Por um placar mais apertado que o previsto, a Câmara dos Deputados conseguiu barrar a implantação do voto impresso no pleito de 2022, que já se anuncia marcado pelo ambiente de forte polarização política que contamina o País. Por ora, a batalha em defesa do sistema eletrônico de votação foi vencida, mas integrantes do Tribunal Superior Eleitoral (TSE) sabem que a disputa promovida pelo presidente Jair Bolsonaro e seus seguidores está longe do fim. Mais do que uma briga entre os poderes Executivo e Judiciário, a avaliação dentro do TSE é a de que o presidente da República conseguiu disseminar boatos e rumores infundados contra a lisura do processo eleitoral, fazendo com que cidadãos comuns tivessem “dúvidas legítimas” a respeito do sistema eletrônico de votação. Ou seja, a desconfiança em torno das urnas é uma ameaça real e concreta — e é preciso agir.
Na última quinta-feira, o presidente do TSE, Luís Roberto Barroso, deu um novo passo no sentido de blindar a Justiça Eleitoral de novos ataques bolsonaristas. Durante a sessão plenária, o ministro anunciou medidas para tornar mais transparentes os mecanismos de checagem do sistema eletrônico de votação. A inspeção dos códigos-fonte (software que roda na urna eletrônica), por exemplo, será aberta a partidos políticos e técnicos das legendas já em outubro deste ano, seis meses antes do previsto. “A realidade é que os partidos não compareciam nem indicavam seus técnicos. Assim foi nas eleições de 2016, nas eleições de 2018, nas eleições de 2020: nenhum partido compareceu para fiscalizar. Alguém poderia imaginar que é desídia dos partidos, mas não. Era a confiança que tinham no sistema e, por isso, nem se sentiam obrigados a vir aqui ver como estava sendo feito”, disse Barroso na ocasião.
O tribunal também vai aumentar o número de urnas sorteadas por amostragem que passam pelo chamado “teste de integridade”. Esses aparelhos passam por uma espécie de votação paralela, que serve para mostrar a confiabilidade do equipamento, sob o monitoramento de partidos políticos, Ministério Público e da Ordem dos Advogados do Brasil (OAB).
Alvo de ofensas disparadas por Bolsonaro, Barroso — que já foi chamado de “idiota”, “imbecil”, “semideus” e “dono da verdade” pelo chefe do Executivo — também decidiu criar uma comissão externa para fiscalizar o sistema eleitoral brasileiro. Além de professores especializados na área de computação, o grupo será composto por membros da sociedade civil, do Congresso, da Polícia Federal — e das Forças Armadas. “Foi um gesto de consideração com os brasileiros de boa-fé que ficaram em dúvida.

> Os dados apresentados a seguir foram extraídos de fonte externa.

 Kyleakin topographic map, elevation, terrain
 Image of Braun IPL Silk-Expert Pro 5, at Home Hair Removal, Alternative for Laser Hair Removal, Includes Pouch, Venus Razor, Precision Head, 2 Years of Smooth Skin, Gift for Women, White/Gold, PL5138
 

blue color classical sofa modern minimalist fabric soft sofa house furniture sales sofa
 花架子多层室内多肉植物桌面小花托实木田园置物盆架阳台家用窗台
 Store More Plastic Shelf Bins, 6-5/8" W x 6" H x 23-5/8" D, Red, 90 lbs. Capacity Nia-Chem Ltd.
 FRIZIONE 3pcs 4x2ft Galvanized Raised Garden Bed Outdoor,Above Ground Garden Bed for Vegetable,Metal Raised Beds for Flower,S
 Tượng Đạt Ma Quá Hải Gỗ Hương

E também uma estratégia de divulgação dos mecanismos de segurança da urna. Agora, precisar não precisava, porque o sistema já era absolutamente seguro”, admitiu reservadamente um integrante do TSE.
As medidas foram anunciadas após o desfile de tanques na Esplanada dos Ministérios e a votação da PEC do Voto Impresso, que não reuniu os 308 votos necessários para ser levada adiante na Câmara. “Houve uma pressão monstruosa e ameaçadora do Bolsonaro e da Casa Civil além das redes do mal. Foi algo muito violento”, comentou outro magistrado da Corte.

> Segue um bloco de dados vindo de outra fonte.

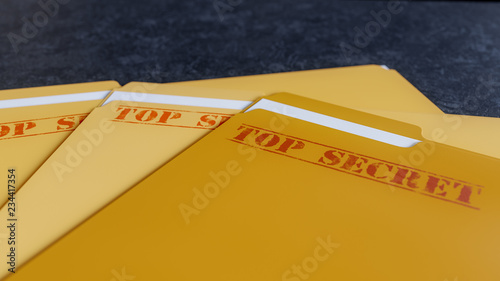 Top Secret File Folders - 3D Illustration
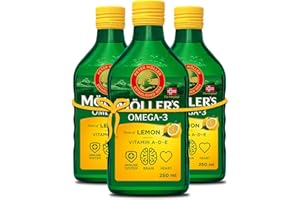 Möller's Omega 3 Huile de foie de morue, complément alimentaire nordique EPA, DHA, vitamines A, D, E, certifiée Superior Taste Award, naturelle et très pure, marque de 165 ans, citron, 3 x 250 ml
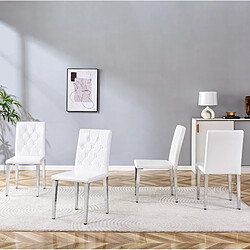 Avis STILVORA Lot de 4 chaises de salle à manger 42/43/89 cm blanc argent en PU et métal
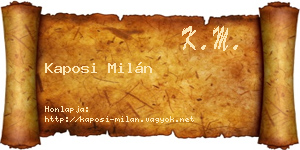 Kaposi Milán névjegykártya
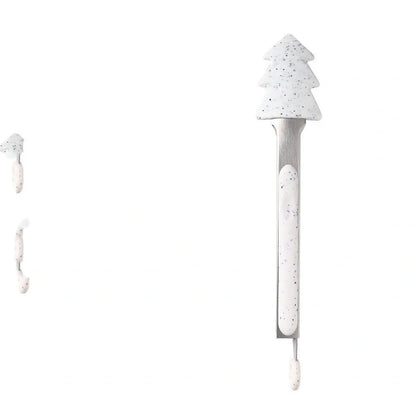Christmas-themed silicone kitchen tongs with locking clip for bread and BBQ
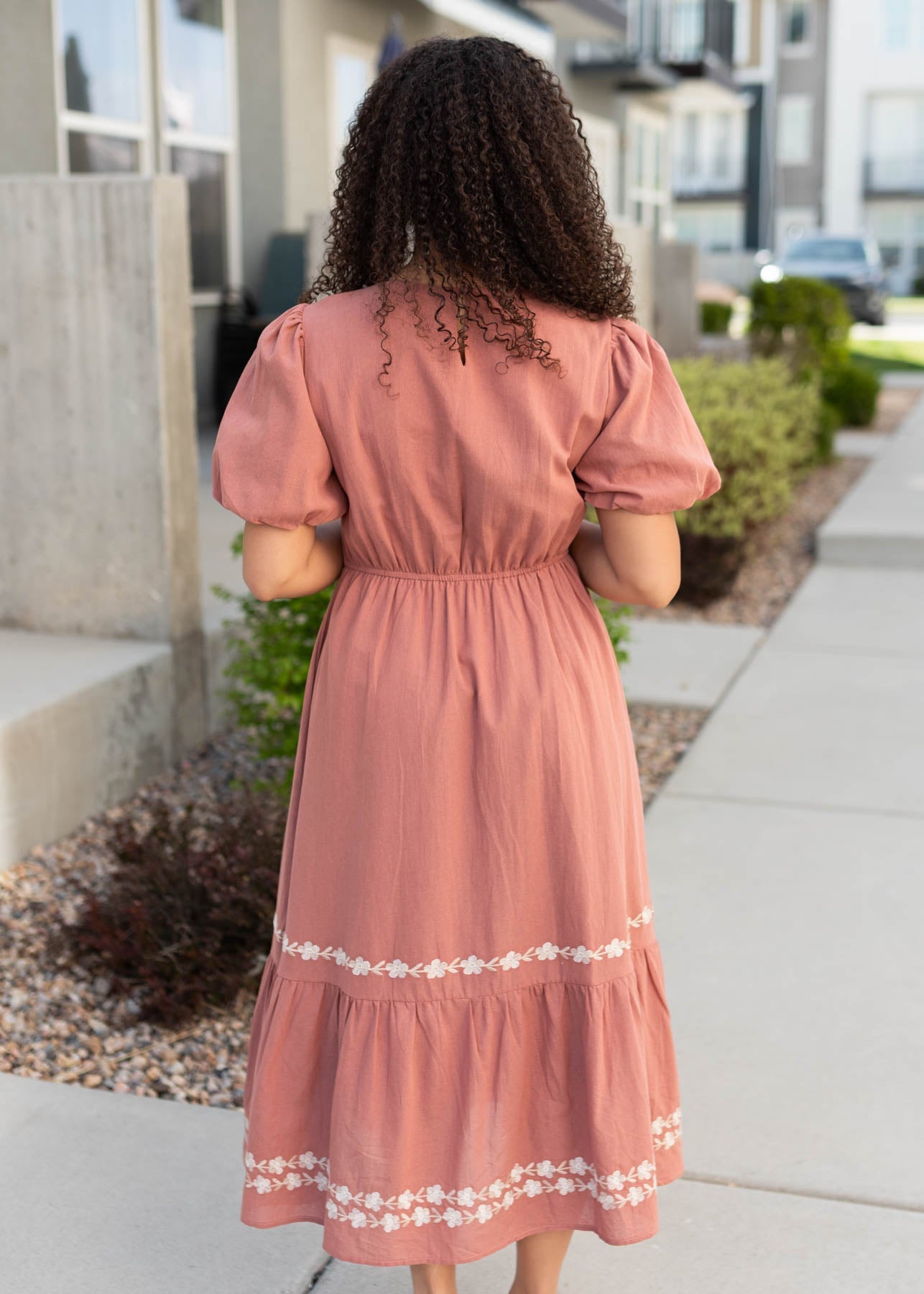 Genevieve Dark Rose Embroidered Dress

Na próxima segunda-feira, em outra frente, o TSE inicia em rede nacional de rádio e TV uma campanha em defesa da urna eletrônica, estrelada pela filósofa, pesquisadora e escritora Djamila Ribeiro, ícone do feminismo negro. O lema da campanha é praticamente uma resposta do tribunal ao presidente: “(A urna) É segura, é fácil de checar, é do Brasil”. Djamila não cobrou cachê, e o espaço vai ser cedido gratuitamente pelas emissoras para a veiculação da propaganda. Uma nova campanha, feita pelo publicitário Nizan Guanaes, deve ser lançada até o fim do ano.